Au loin je vois mon père près du chef et je m'entends soupirer.

Je pense que c'est le moment de faire mes adieux.

Mes pieds rencontrent pour la dernière fois le sable chaud des terres des Metkayina, et d'un pas las je m'approche des maisons, les yeux baissés vers le sol.

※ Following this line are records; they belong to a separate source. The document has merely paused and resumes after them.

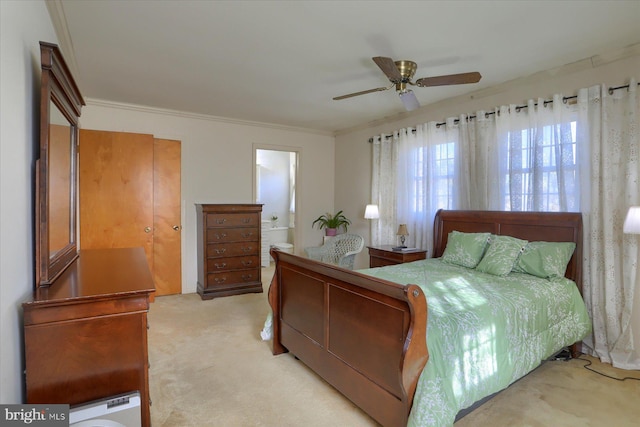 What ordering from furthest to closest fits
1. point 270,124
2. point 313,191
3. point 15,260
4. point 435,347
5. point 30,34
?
point 313,191 → point 270,124 → point 435,347 → point 30,34 → point 15,260

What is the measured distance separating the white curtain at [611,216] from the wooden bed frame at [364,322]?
0.15m

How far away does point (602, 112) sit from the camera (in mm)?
2861

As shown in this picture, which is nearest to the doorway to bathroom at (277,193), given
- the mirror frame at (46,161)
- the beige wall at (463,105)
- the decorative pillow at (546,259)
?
the beige wall at (463,105)

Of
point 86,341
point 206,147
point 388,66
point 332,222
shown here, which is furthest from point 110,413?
point 332,222

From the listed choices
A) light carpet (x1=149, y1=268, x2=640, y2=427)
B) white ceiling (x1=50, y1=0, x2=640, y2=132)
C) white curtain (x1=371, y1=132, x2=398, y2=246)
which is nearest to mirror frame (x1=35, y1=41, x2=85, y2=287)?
white ceiling (x1=50, y1=0, x2=640, y2=132)

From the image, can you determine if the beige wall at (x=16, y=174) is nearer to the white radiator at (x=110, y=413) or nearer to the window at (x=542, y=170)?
the white radiator at (x=110, y=413)

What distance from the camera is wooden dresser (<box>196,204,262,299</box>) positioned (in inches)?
184

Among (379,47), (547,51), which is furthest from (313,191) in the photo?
(547,51)

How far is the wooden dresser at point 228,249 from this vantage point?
467 centimetres

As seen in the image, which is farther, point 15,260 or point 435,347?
point 435,347

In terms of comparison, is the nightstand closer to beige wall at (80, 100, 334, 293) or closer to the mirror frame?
beige wall at (80, 100, 334, 293)

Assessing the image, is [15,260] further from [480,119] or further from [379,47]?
[480,119]

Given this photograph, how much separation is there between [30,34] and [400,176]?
4.05 m

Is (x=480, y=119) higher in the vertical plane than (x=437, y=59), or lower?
lower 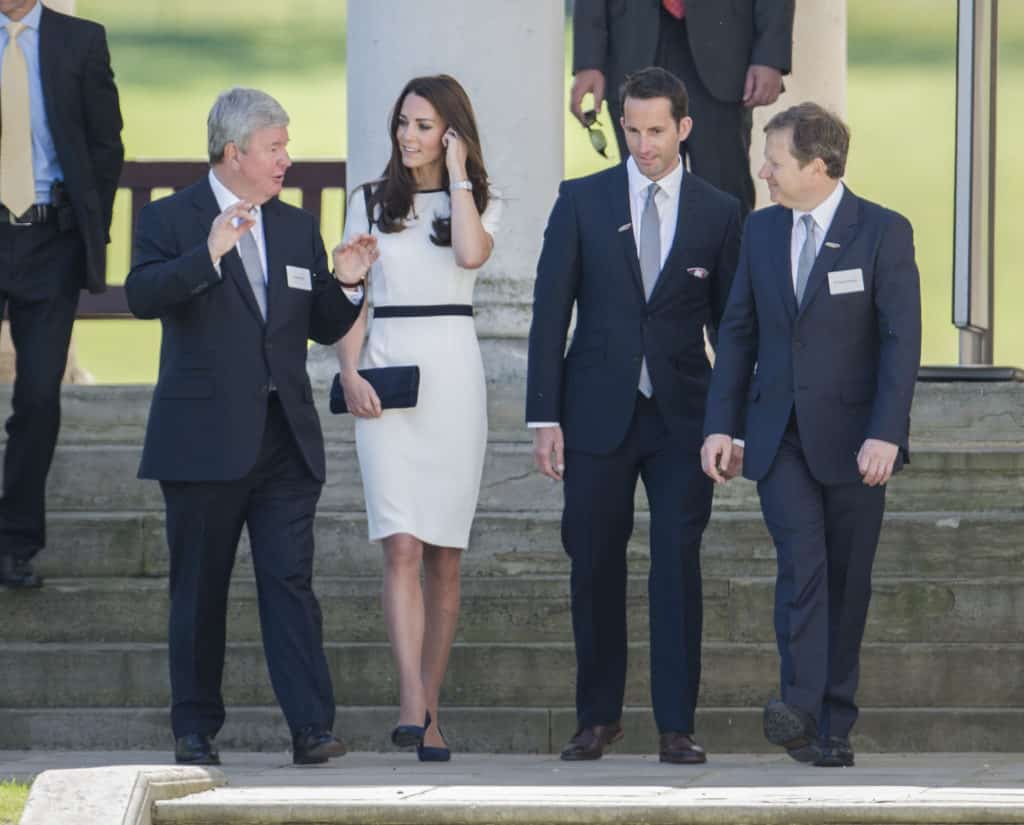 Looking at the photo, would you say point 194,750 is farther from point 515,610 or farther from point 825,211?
point 825,211

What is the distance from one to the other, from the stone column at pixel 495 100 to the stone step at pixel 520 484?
0.89 metres

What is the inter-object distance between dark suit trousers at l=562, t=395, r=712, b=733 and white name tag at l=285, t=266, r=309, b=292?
0.86 m

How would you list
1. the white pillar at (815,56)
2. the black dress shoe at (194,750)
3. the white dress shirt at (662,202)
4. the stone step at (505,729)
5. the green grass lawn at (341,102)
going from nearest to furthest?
the black dress shoe at (194,750), the white dress shirt at (662,202), the stone step at (505,729), the white pillar at (815,56), the green grass lawn at (341,102)

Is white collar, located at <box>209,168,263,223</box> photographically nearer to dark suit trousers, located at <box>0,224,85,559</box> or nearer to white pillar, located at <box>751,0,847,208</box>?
dark suit trousers, located at <box>0,224,85,559</box>

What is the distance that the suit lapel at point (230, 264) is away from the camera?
7.24 metres

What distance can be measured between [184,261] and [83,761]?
1.41 meters

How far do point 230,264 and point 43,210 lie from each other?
5.02ft

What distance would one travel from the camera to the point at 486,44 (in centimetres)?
1000

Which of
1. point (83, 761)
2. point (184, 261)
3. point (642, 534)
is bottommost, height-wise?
point (83, 761)

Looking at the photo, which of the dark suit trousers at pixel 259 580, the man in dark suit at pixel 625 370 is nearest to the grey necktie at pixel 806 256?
the man in dark suit at pixel 625 370

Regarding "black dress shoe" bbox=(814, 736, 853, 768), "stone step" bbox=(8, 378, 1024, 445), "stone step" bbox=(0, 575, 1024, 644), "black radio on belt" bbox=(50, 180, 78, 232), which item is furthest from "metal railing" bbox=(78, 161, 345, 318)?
"black dress shoe" bbox=(814, 736, 853, 768)

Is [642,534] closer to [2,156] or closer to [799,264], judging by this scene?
[799,264]

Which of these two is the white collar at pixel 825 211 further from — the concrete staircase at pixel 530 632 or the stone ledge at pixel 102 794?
the stone ledge at pixel 102 794

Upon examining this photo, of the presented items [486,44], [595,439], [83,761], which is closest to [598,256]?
[595,439]
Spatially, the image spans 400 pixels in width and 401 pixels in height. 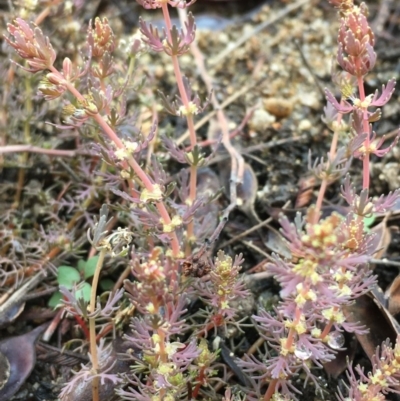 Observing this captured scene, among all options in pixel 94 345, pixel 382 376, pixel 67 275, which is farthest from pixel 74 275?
pixel 382 376

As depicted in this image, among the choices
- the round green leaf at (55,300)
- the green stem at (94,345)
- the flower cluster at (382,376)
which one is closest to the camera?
the flower cluster at (382,376)

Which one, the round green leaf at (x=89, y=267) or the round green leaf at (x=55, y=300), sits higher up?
the round green leaf at (x=89, y=267)

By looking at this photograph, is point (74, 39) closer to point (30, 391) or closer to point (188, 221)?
point (188, 221)

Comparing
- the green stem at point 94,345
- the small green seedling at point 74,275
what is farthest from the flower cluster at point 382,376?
the small green seedling at point 74,275

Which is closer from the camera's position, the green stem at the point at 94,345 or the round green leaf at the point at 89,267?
the green stem at the point at 94,345

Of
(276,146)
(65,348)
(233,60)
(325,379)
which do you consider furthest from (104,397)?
(233,60)

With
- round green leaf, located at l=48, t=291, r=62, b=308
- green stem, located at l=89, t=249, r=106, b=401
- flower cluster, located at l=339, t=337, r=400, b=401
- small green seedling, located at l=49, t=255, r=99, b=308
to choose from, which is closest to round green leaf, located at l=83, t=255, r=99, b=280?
small green seedling, located at l=49, t=255, r=99, b=308

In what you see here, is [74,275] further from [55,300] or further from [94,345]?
[94,345]

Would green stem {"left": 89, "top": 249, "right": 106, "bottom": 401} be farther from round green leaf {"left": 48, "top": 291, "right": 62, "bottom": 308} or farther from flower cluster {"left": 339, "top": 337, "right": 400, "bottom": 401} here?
flower cluster {"left": 339, "top": 337, "right": 400, "bottom": 401}

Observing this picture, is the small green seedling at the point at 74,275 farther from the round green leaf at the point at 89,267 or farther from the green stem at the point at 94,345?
the green stem at the point at 94,345

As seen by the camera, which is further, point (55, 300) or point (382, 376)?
point (55, 300)

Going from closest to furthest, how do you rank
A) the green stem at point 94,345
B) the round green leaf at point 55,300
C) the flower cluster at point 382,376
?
the flower cluster at point 382,376 < the green stem at point 94,345 < the round green leaf at point 55,300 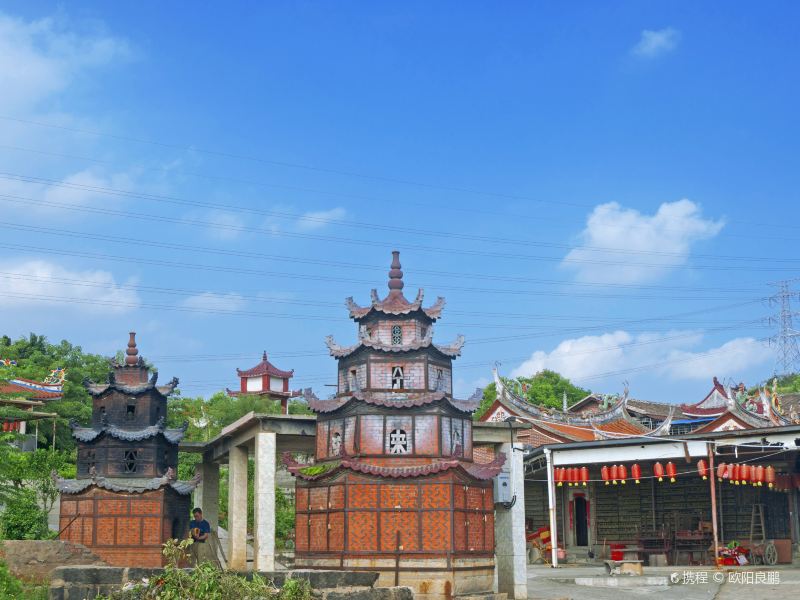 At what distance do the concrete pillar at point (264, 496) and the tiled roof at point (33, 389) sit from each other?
105ft

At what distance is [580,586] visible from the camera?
28.4m

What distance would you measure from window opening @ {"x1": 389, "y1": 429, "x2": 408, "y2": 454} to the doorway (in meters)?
19.4

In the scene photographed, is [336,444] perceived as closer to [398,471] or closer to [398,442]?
[398,442]

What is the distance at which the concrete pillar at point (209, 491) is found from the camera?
3456 centimetres

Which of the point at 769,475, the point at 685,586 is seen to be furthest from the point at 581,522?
the point at 685,586

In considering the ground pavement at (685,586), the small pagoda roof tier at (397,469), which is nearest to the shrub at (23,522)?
the small pagoda roof tier at (397,469)

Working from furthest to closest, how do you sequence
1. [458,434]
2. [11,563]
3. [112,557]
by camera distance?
[112,557]
[458,434]
[11,563]

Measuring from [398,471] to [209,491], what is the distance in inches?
492

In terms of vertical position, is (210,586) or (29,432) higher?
(29,432)

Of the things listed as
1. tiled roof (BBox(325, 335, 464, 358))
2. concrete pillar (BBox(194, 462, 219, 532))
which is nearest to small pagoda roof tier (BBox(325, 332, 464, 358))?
tiled roof (BBox(325, 335, 464, 358))

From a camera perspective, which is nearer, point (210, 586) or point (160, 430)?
point (210, 586)

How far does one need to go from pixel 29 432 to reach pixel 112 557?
29.2m

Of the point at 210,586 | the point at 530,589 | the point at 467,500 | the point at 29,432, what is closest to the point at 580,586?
the point at 530,589

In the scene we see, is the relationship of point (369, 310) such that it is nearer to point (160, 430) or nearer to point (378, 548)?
point (378, 548) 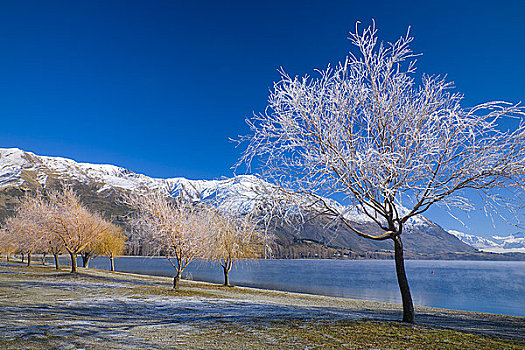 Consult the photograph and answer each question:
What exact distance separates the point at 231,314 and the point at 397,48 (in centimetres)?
1256

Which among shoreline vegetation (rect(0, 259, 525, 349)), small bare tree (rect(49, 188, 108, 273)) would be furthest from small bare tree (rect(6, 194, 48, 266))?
shoreline vegetation (rect(0, 259, 525, 349))

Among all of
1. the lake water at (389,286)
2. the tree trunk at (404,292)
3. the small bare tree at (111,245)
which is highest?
the tree trunk at (404,292)

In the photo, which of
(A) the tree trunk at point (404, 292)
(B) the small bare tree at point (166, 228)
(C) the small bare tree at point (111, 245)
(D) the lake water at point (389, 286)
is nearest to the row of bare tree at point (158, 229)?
(B) the small bare tree at point (166, 228)

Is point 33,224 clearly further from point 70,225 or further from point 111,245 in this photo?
point 111,245

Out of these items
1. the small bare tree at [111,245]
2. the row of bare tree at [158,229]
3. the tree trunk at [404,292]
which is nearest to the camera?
the tree trunk at [404,292]

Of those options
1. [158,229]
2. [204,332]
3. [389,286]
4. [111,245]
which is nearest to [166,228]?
[158,229]

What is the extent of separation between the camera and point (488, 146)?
382 inches

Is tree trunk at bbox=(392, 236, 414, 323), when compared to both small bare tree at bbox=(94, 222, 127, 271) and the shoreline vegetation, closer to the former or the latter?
the shoreline vegetation

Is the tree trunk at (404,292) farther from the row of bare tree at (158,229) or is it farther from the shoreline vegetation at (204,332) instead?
the row of bare tree at (158,229)

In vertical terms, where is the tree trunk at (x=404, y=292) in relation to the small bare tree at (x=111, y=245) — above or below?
above

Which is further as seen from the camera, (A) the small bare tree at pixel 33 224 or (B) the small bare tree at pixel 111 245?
(B) the small bare tree at pixel 111 245

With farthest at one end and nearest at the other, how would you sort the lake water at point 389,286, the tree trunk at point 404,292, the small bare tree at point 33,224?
the lake water at point 389,286, the small bare tree at point 33,224, the tree trunk at point 404,292

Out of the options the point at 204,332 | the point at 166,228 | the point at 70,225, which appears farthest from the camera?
the point at 70,225

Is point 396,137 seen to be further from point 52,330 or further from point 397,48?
point 52,330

Je n'aurais même pas eu le temps de dire au revoir à Payakan. Peut-être que mes parents accepteraient que je m'arrête une dernière fois pour lui dire au revoir.

Mais dire au revoir à Takara, ça j'en ai la possibilité. Pourtant je ne me sens pas capable de le faire.

Mon cœur se contracte dans ma cage thoracique, m'empêchant de respirer, rien que d'y penser.

Je ferme les yeux, avançant de plus en plus lentement, le dos courbé, les mains voyageant le long de mon corps.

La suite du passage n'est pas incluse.